29 Apr 96.a
Steve Draper

The recent paper by Don Norman and James Spohrer was about, and was titled, Learner-Centered Education. This is an accurate reflection of the pervasive neo-constructivist view. What I would like to hear reactions to is the following view: that learner-centeredness is an unbalanced and out of date view, and should be replaced by a conversational model of learning (as proposed by Gordon Pask and supported by Diana Laurillard) in which teacher and learner are given equally emphasized roles.

I can depict a simple progression of 3 views:

1. The transmission theory, a teacher-centered view, often called the "instructivist" approach, which holds that teaching causes learning, with the teacher's actions as crucial and the learner as a passive receiver.

2. Constructivism, a learner-centered view in which the learner is crucial and teachers cannot cause learning.

3. The conversational model, in which teacher and learner are equally important and must both be active.

In this version of history (!), constructivism is out of date; a useful reaction to the failure of the transmission theory (which refuses to die and so must still be actively combated), but like all reactions an over-reaction from the viewpoint of the search for an accurate theory of the teaching and learning process.

Learner-centeredness seems obviously, crazily, wrong. If it were true, then learners with any choice would avoid teachers and get on with it themselves: but in fact, this is not what we observe. Industry pays for courses with a lot of personal instruction. Students go to institutions where they can encounter instructors: they do not just study alone. Institutions are not under pressure to provide accreditation for students whose only encounter is the examination. Schools could not for a moment function without teachers, and almost everyone agrees that more teachers per pupil would be highly desirable if we could afford it. Almost every study in the literature that measures teacher effects finds that the effect of which teacher a group gets is larger than the effect of the educational treatment. The message most people take from the literature on Logo is that Papert had a big effect on learners, Logo did not. To a learner-centered theorist it has to be merely an amazing coincidence that children in an English speaking family happen to learn English rather than some other language, because of course what is learned depends on the learner, not the teacher.

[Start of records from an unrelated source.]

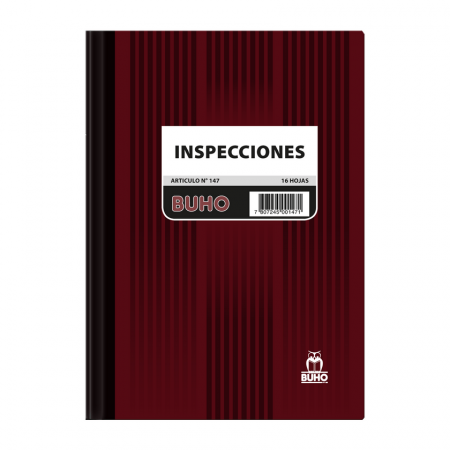 Libro de Registro Buho Inspecciones N° 147 16 Hojas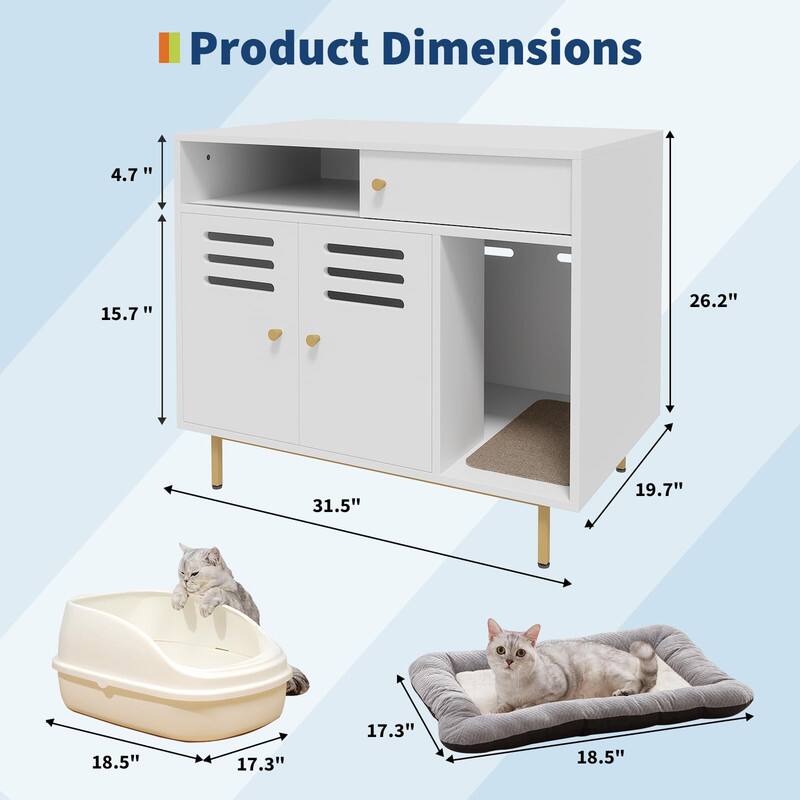 Product Dimensions

- Height: 26.2"
- Width: 31.5"
- Depth: 19.7"
- Shelf Height: 15.7"
- Top Shelf Height: 4.7"
- Cat Bed Dimensions: 18.5" x 17.3"
- Cat Litter Box Dimensions: 18.5" x 17.3"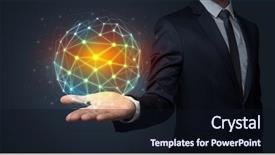  Presentation with universe - Beautiful slides featuring universe information - businessman in suit holding global backdrop and a  colored foreground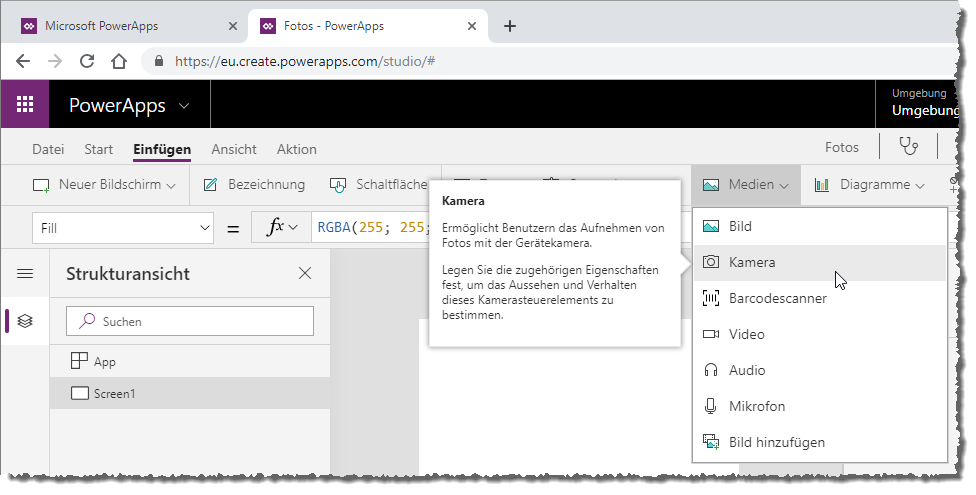 Hinzufügen des Kamera-Elements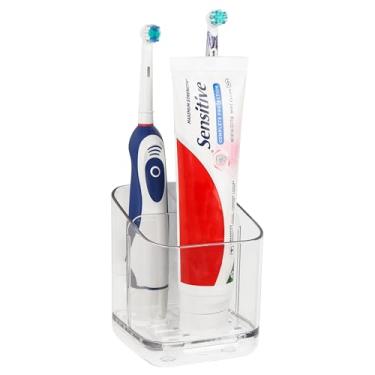 Imagem de Linkidea Suporte elétrico de escova de dentes para banheiro, organizador de plástico para pasta de dente, suporte de parede de 3 compartimentos compatível com Oral-B série iO, Philips Sonicare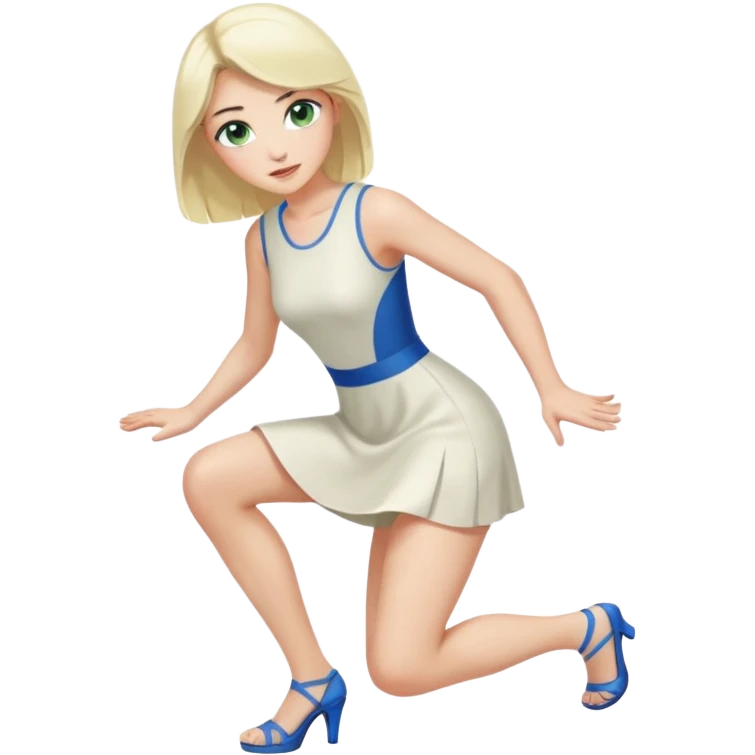 prince, black hair, blue eyes, garment, woman, blonde hair, green eyes, bending knee, sleveless white dress, emoji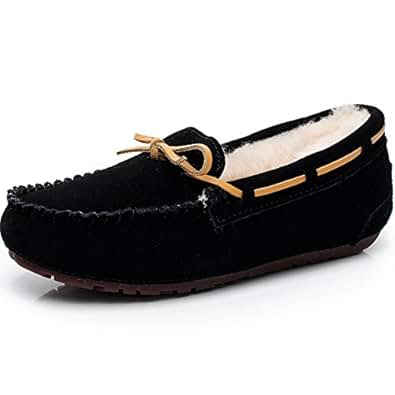 Amazon.com | rismart Women's High-End Sheepskin Wool Lining Warm Slippers Winter Suede Moccasins 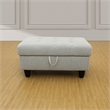 Pemberly Row Contemporary Right-Facing Sectional & Ottoman in Gray/White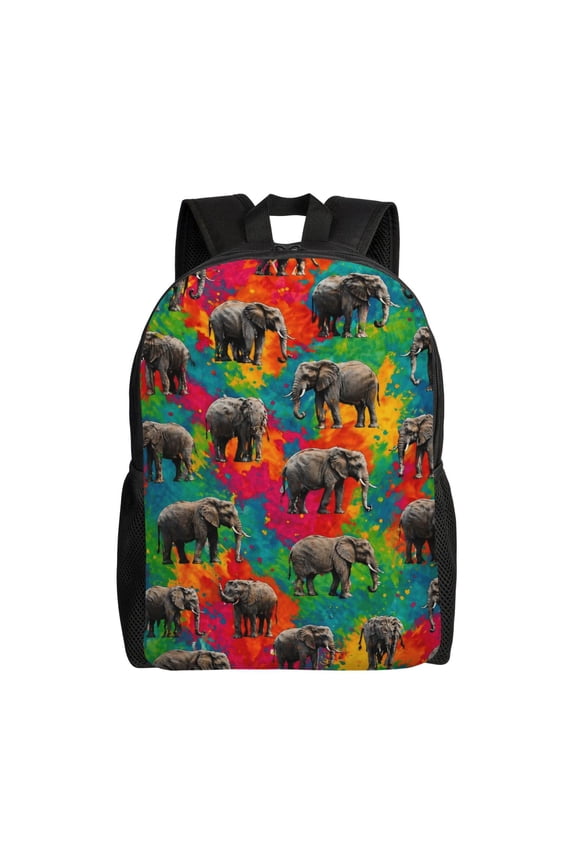Colorful Elephant Safari Backpack Full Front Print Travel Laptop Bag for Men and Women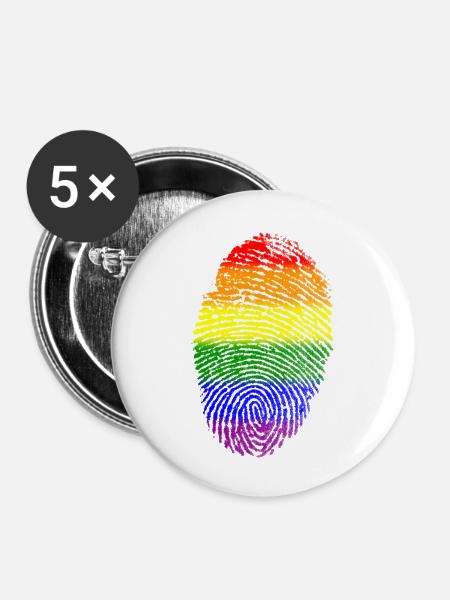 Pride-Flagge - Buttons groß 56 mm (5er Pack) - Weiß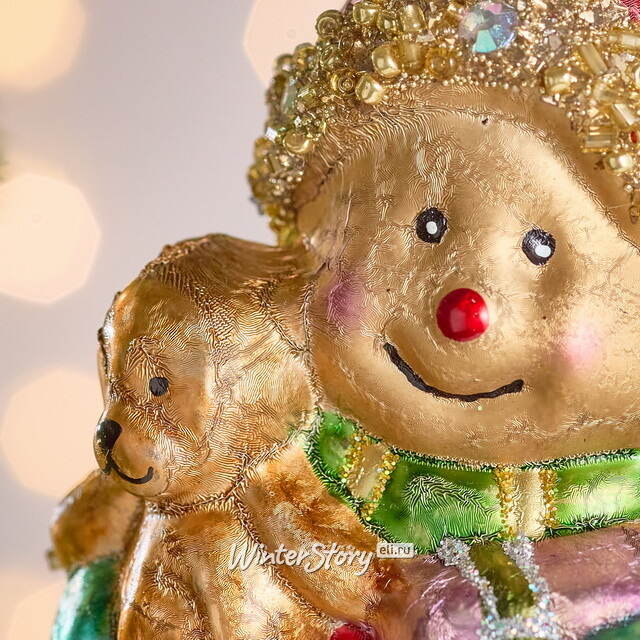 Елочная игрушка Снеговик Харри с мишкой 13 см, стекло Winter Deco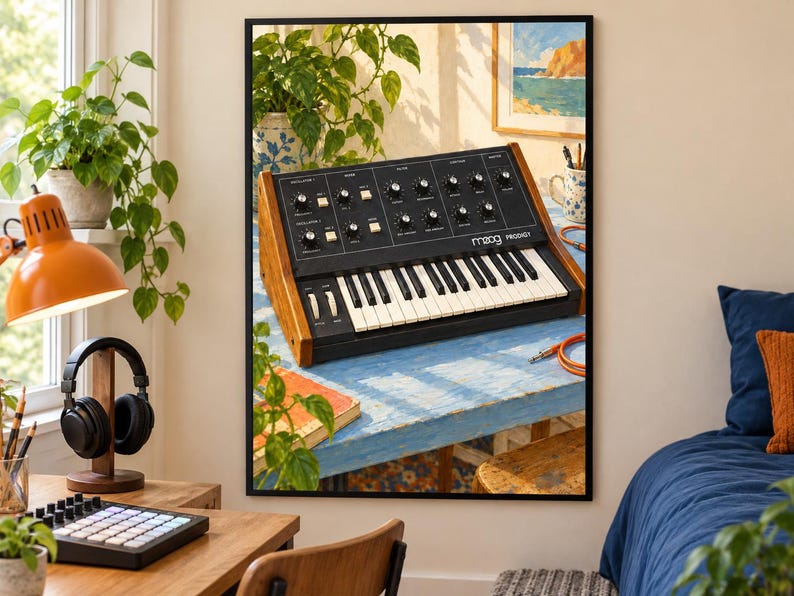 May include: A framed wall art print featuring a Moog Prodigy analog synthesizer with a black control panel, white keys, and wooden side panels. The synthesizer is depicted resting on a light blue table surface with green foliage in the background.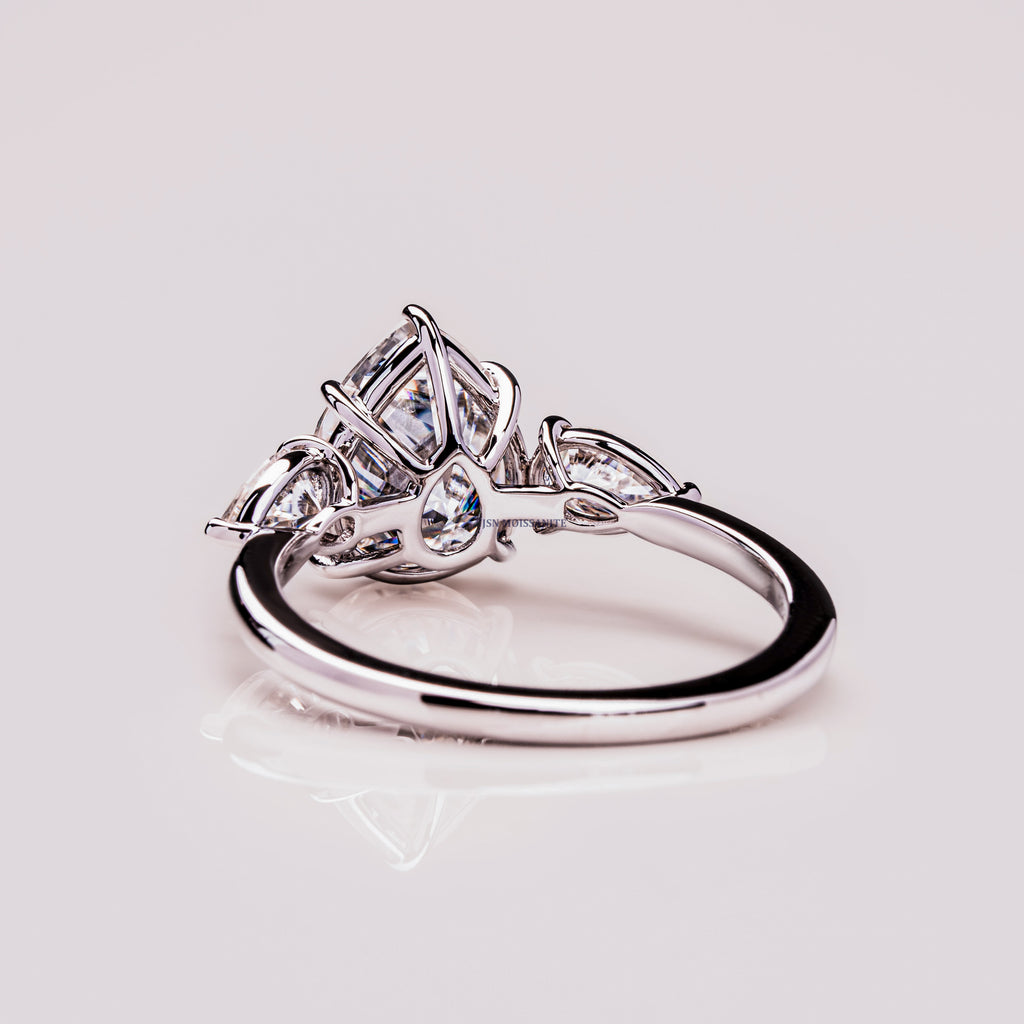 Three Stone Pear Cut Moissanite Diamond Engagement Ring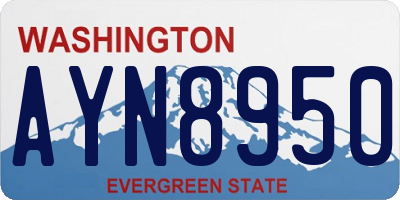 WA license plate AYN8950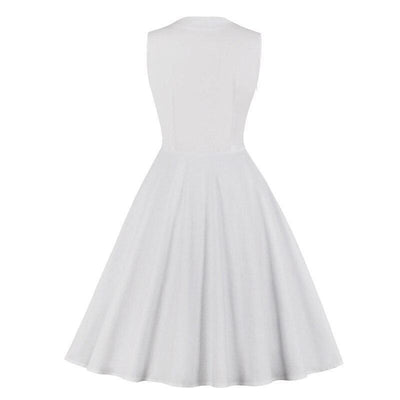 Vintage weißes Rockabilly-Kleid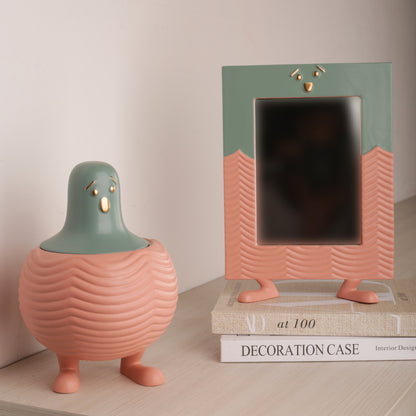 Handmade Pink Bird Ceramic Flower Vase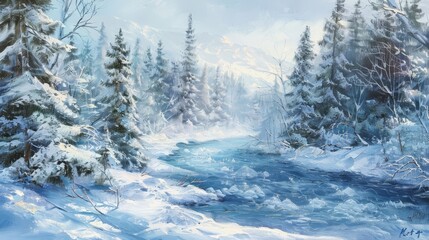 majestic winter landscape with wild river rushing through snowy forest oil painting
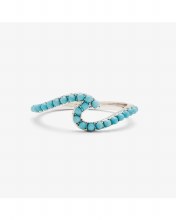 PV SILVER WAVE RING BLUE STONE STUDS 6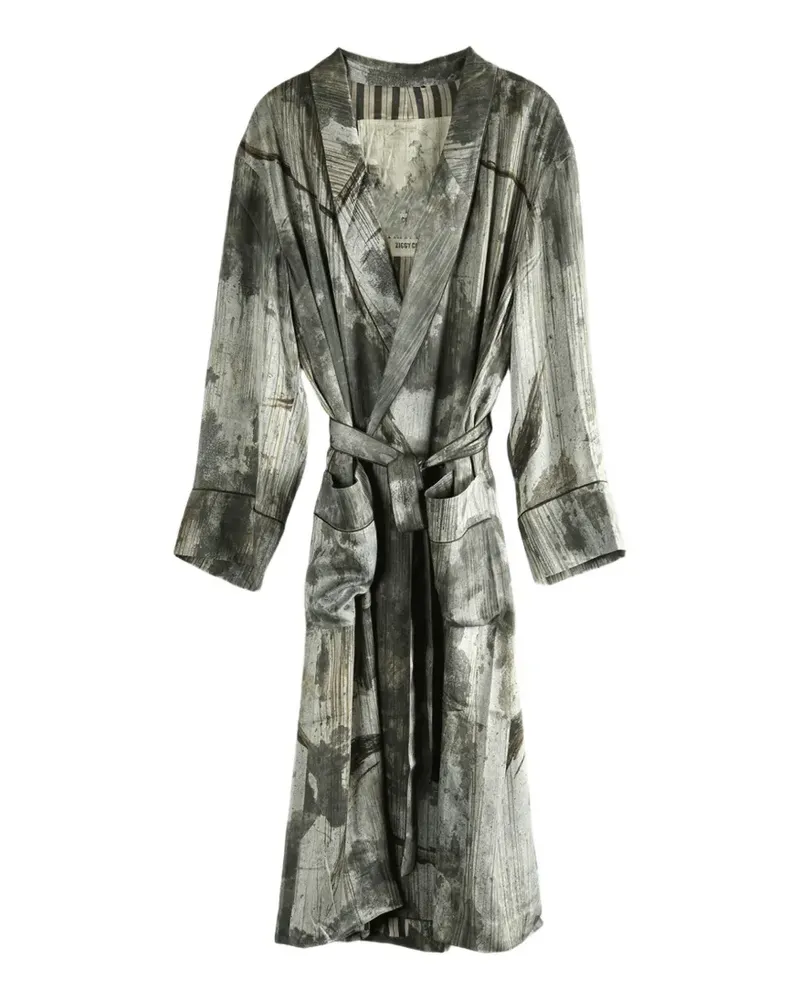 Ziggy Chen printed kimono - Grau Grau
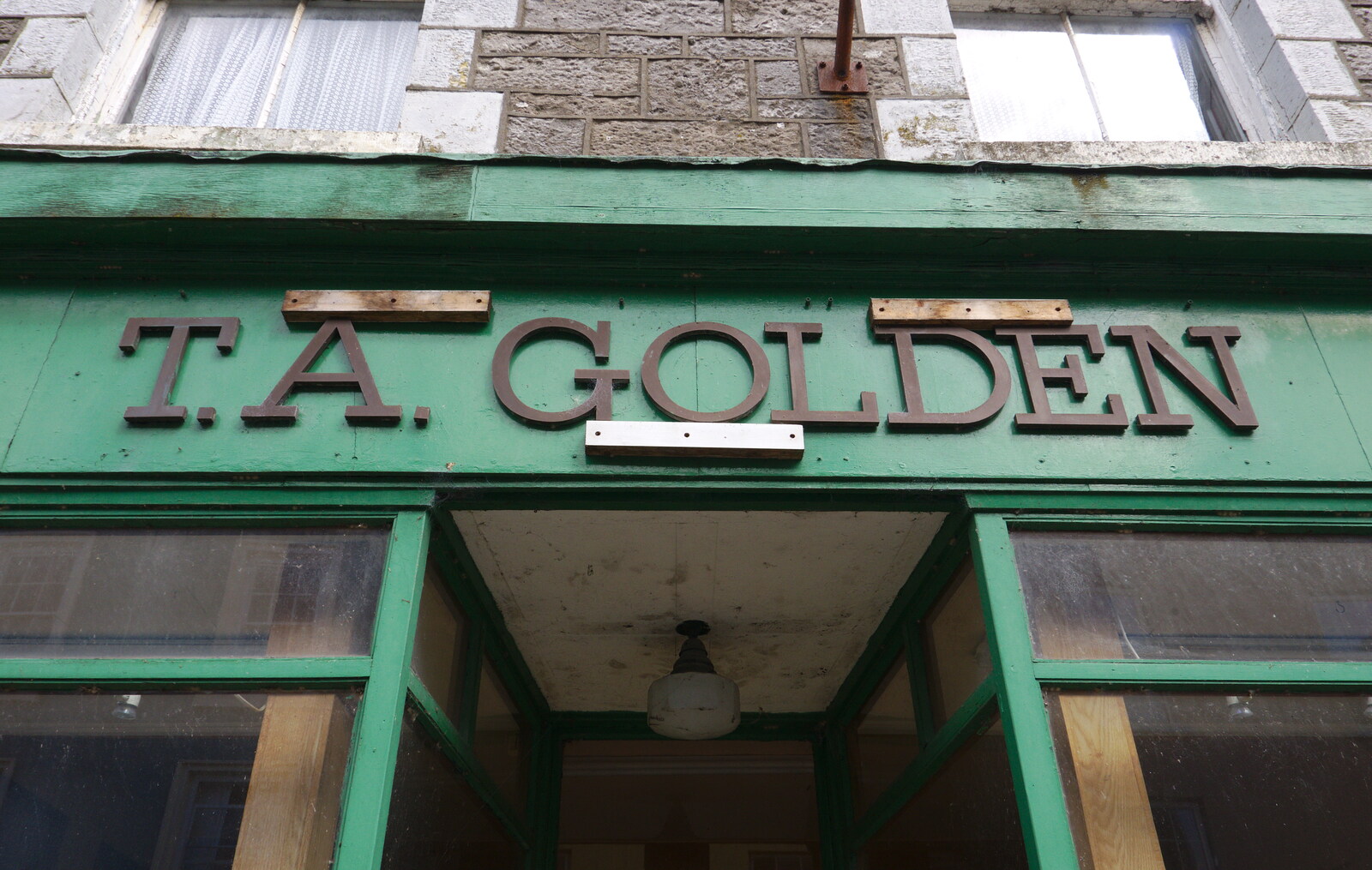 T. A. Golden shop sign from Open Mic Night, Bía Sláinte, Manorhamilton, Ireland - 17th August 2019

In the light of this evidence surely we must look for a theory that admits that what the teacher does is as important as what the learner does in determining learning outcomes. The only things to be said for a learner-centered theory are that (a) it is better than the transmission theory, and (b) it is politically correct both to liberals (children should be the center of protection and attention) and right-wingers (in this context the learner is the consumer who pays for the teacher). But to anyone interested in a rational understanding of teaching and learning, or indeed in maximizing learning outcomes, then surely a learner-centered theory is as unbalanced and out of touch with the most obvious facts as would be a "north-pole-centered" theory of magnetism.